This past weekend I found myself in Big Spring, Texas for a Geocaching event. A while back I attended an event in Austin where the Texas State Park Service had a booth talking about this great geocaching passport program they would be starting up. I knew it was supposed to begin in June but not much else. As I began to plot the caches I wanted to find in Big Spring I ran across this Big Spring State Park cache. The park is small, and nestled in center of downtown Big Spring. Arriving at the front gate you find a small kiosk that mentions that there is no longer any overnight camping allowed in the park. It is strictly a day-use park! I found no place to pay an entry fee so I began a slow winding drive up to the top of the mesa on which the park is located.
To access the geocache you park in the small lot for the Nature Trail and bird observation area on your right as you drive into the park. From here it is about three tenths of a mile to the cache with a gradual elevation gain and occasional steps set into the trail. Although it was already about 90F at 10AM I found the walk very nice and easy on the legs and knees. The cache itself is an ammo can with various swag, a log book, some nice color illustrated fact cards about the state parks, and lastly a tethered orienteering punch. To complete the "Big Sky" State Park Challenge you need to find the appropriate geocaches in ten of the twenty parks in this region that includes North and West Texas. There are similar challenges for other regions in the state. There are handy passports to print out on the Texas State Parks website. Just find the cache, answer a question based on the information on the collectible cards in the cache and punch your passport with the orienteering stamp. It's that easy!
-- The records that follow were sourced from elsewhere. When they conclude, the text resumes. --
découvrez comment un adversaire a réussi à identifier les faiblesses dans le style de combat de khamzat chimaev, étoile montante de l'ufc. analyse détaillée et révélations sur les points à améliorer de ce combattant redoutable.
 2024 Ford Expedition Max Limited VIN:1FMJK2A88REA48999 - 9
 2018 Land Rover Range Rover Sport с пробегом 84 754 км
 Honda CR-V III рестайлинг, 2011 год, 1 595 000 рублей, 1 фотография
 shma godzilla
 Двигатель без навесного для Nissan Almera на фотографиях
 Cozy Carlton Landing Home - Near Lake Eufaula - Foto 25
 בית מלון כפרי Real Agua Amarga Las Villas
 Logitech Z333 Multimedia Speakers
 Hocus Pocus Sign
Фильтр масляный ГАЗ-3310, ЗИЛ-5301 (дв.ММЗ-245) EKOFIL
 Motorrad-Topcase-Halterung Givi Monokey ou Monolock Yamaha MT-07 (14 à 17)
A few joggers passed me as I was checking out the cache, but they paid me no real attention. I like the location chosen for this cache as it is not a park and grab and requires a little effort to attain but I wish the container were a little better hidden. I fear it may disappear even though it is clearly marked because it is visible from the trail. Now that I have found my first GeoChallenge cache I am eager to visit more Texas State Parks. When you complete your passport you mail it to the park service for a certificate and a chance at various prizes.
Lastly I hiked over to the observation rim on the north edge of the park and took in a vista of Big Spring and the wind farms out in the distance. It is far from the best vista I have ever seen, but it is amazing how far you can see over the surrounding flat flat terrain. I completed my visit by doing a few of the new Geocaching Challenges. These involve no physical containers to find but rely on you going outdoors and recording yourself doing various activities. There is even a free app for iPhones to keep up with your challenges.
Here my task was to take a photo of local landmarks with my finger on top of them. This was ackward to do alone but I took a photo of a large wind farm on another mesa to the east.
And here I was tasked with spelling out my Geocaching handle "ZSandmann" with native materials. I chose the abundant mesquite beans to leave my mark.
My wife and I are planning a trip to Balmorhea State Park for Labor Day. So look for that post soon!